К воротам Гебала приближался небольшой караван -- шесть четырёхколёсных повозок, каждую из которых тянула четвёрка волов. Их сопровождало несколько десятков пеших слуг. В голове и хвосте колонны шагом ехали две дюжины верховых, облачённых в чешую, состоящую из бронзовых пластин в форме трёхлучевых знаков Шамаша[111]. Бедняги вынуждены париться в доспехах, а между тем жара совсем не осенняя. Бремя телохранителя высокородной особы, что тут поделать. Хоть шлемы, яйцевидные, с небольшим заострением на макушке, заменили головными повязками из скрученной ткани, и то ладно.
Энил удивился посадке всадников. Она была точно такой же, какая принята во всём мире, но там, в будущем. А здесь местные, если им доводилось ехать верхом, сидели едва не на конской заднице.
Процессия приблизилась, и из одного из возков вышел важный вельможа. Он был одет в канди -- длиннополую рубаху с короткими рукавами, тёмно-красную, отделанную яблочно-зелёными полосами и чеканными золотыми пластинками. Поверх накинута широкая, в две раскрытые ладони пурпурная перевязь с длинной бахромой. На голове красная войлочная шапка. Длинные иссиня-чёрные волосы и борода, спускающаяся до середины груди, тщательно завиты и украшены вплетёнными золотыми колечками.

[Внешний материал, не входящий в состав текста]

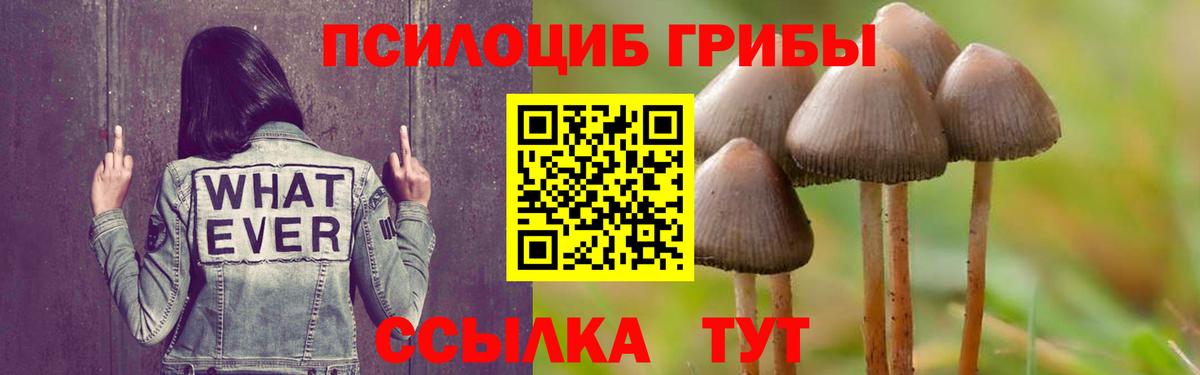 Галлюциногенные грибы Magic Shrooms  Вход с VPN  Камень-на-Оби  Галлюциногенные грибы прущие грибы 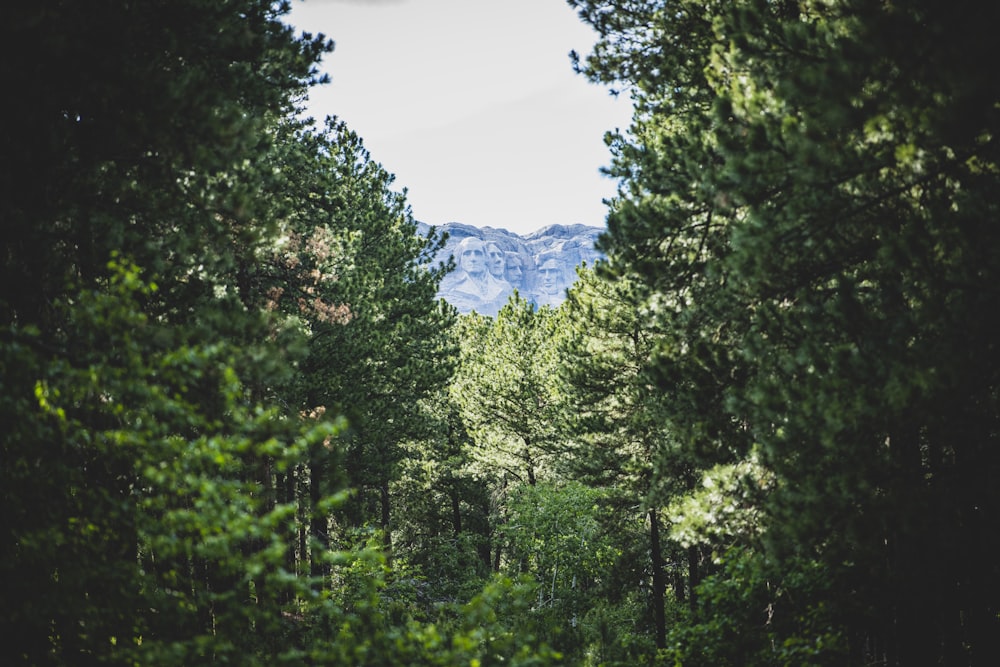 a forest with a mountain in the background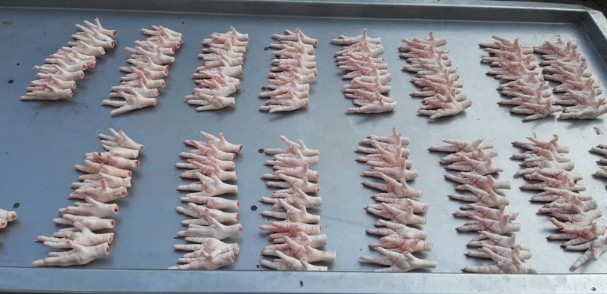 تصویر 1 از خرید پا و پنجه مرغ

-- Приветствую тебя в Гебале, высокородный Иштартубал! -- обратился к ассирийцу Энил.
Посол почтительно поклонился.
-- Действительно ли боги оказали мне милость, позволив лицезреть царственного Энила. достойнейшего из достойных? -- ответил на языке ханаанеев ассириец.
-- Именно так. В настоящее время я зовусь так же именем Аменеммаат.
Посол поклонился ещё раз, а когда выпрямился, сказал:
-- Ты ошибся, царственный Аменеммат. Моё имя не Иштартубал, я лишь его скромный помощник Ишме-Даган.
-- Вот как? -- удивился царь, -- где же тогда сам посланник сильномогучего Ашшура?
-- Первый военачальник и жрец часто избирает пути, непостижимые для нас, недостойных. Мы лишь исполняем его наказ и путешествуем, как нам предписано. Осмелюсь предположить, что высокородный Иштартубал не появится в Гебале.
-- Что ж, я немало огорчён от того, что не смог лично приветить высокородного посланника, -- искренне расстроился Энил, -- для тебя же, достойнейший Ишме-Даган, и твоих спутников подготовлены четыре надёжных судна, которые быстро доставят вас к намеченной цели. А пока отдохните с дороги и будьте моими гостями.